RECORDS FOR THE EXERCISE:

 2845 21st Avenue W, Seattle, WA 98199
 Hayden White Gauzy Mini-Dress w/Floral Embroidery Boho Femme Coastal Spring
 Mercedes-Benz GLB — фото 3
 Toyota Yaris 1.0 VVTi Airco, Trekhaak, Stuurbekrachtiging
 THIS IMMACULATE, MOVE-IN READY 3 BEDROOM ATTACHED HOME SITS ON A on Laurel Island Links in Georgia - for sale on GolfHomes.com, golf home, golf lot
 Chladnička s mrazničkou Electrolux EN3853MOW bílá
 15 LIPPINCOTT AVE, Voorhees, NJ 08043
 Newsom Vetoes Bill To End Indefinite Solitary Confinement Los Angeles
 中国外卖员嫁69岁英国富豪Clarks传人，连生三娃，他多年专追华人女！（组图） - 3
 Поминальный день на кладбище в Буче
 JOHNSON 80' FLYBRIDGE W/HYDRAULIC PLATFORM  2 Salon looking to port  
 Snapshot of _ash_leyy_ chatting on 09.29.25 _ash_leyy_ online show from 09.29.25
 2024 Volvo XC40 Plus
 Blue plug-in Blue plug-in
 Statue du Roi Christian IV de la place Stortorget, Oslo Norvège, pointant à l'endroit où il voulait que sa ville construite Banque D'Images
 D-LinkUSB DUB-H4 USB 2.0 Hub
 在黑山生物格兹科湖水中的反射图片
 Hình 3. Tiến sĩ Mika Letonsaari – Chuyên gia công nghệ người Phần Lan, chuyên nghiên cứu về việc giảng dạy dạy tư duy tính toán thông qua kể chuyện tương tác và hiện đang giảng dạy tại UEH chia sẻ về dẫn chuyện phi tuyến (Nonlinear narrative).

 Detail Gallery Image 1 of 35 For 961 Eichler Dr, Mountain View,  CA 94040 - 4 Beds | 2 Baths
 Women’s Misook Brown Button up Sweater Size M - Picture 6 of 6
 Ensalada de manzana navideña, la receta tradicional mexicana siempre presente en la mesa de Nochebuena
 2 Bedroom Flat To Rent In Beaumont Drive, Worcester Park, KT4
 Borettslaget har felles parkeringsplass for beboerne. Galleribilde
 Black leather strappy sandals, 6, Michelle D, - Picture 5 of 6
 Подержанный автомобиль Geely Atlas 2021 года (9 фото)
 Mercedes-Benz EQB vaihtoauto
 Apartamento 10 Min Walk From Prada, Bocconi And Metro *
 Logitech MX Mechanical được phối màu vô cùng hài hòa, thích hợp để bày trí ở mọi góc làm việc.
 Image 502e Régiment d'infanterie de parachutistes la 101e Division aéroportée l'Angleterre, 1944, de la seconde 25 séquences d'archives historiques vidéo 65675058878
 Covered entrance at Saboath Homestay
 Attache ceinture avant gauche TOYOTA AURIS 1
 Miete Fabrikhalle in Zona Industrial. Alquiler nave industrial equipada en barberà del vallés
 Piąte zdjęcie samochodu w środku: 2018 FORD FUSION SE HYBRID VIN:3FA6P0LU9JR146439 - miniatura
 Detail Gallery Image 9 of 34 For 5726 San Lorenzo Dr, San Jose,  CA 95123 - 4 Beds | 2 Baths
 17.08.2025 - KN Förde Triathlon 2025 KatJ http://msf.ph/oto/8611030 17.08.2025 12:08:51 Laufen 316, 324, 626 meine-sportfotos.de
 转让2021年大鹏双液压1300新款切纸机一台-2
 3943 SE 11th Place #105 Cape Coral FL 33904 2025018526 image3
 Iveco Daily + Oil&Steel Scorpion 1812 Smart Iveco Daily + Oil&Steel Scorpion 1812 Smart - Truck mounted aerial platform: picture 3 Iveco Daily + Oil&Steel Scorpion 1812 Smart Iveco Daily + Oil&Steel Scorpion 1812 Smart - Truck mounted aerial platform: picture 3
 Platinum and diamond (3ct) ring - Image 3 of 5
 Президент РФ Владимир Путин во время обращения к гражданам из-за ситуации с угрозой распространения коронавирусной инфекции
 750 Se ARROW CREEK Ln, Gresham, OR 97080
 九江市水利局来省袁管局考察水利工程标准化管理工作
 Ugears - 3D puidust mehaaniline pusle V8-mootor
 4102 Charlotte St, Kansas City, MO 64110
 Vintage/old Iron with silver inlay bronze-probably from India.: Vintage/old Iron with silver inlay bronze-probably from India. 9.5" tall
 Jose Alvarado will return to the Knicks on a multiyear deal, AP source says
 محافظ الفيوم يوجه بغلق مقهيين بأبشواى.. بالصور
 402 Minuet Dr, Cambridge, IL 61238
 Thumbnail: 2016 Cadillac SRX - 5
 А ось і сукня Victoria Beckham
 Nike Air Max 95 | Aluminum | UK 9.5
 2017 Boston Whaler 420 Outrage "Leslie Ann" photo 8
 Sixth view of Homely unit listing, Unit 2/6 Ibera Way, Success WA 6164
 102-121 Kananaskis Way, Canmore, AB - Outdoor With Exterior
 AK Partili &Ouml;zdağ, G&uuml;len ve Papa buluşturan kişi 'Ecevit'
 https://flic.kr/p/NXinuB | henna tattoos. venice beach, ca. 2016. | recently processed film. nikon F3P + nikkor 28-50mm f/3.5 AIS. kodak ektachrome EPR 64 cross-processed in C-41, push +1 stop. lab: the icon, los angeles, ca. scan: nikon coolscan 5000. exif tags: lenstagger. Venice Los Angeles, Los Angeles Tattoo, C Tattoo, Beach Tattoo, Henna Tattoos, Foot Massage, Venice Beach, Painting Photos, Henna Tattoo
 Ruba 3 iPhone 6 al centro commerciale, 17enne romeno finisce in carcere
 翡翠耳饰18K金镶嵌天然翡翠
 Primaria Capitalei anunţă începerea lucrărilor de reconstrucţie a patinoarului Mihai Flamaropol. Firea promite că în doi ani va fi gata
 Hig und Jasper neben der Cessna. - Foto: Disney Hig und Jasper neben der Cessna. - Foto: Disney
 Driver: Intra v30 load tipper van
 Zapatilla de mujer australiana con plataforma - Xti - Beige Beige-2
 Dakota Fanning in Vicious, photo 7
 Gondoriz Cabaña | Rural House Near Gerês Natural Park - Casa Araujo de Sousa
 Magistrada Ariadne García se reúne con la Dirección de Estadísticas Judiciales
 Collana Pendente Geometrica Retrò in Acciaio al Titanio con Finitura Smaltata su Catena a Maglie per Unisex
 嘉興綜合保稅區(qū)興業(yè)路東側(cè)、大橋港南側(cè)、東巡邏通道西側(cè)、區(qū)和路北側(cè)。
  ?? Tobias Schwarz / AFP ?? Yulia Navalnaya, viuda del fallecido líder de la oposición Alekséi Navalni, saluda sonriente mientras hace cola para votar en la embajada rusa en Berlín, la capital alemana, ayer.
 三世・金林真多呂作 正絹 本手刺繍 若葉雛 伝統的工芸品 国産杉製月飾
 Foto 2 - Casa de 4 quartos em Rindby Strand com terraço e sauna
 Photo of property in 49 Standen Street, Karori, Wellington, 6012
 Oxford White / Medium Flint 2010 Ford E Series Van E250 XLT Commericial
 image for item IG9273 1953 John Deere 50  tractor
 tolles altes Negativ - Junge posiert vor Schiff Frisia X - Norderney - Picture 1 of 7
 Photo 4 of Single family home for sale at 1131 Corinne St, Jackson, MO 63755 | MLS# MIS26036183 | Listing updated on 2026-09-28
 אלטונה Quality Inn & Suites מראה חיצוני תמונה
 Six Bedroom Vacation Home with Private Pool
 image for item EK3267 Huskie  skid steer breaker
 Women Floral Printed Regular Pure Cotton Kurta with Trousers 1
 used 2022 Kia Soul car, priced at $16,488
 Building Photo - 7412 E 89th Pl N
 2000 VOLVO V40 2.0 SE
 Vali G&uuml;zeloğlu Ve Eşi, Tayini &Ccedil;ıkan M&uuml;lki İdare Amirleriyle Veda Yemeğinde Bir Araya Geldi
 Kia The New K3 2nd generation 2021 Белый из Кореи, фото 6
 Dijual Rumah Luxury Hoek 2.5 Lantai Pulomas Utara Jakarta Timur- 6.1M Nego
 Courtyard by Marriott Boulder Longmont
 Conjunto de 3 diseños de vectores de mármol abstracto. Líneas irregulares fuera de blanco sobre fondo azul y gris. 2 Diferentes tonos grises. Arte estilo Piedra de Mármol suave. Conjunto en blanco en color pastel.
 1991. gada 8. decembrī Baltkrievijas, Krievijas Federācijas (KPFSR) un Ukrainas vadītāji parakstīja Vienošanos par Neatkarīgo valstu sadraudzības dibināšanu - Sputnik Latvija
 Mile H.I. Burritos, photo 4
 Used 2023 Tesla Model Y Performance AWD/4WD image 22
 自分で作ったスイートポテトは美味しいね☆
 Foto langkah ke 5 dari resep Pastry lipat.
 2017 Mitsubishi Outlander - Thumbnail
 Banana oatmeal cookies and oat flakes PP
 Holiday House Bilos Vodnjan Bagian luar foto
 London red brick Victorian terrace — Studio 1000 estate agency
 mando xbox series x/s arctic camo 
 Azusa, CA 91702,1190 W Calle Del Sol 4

TASK OBJECTIVE: After counting the lines of the records above that hold the word "việc", give the total and nothing else.

RESPONSE BOX: 2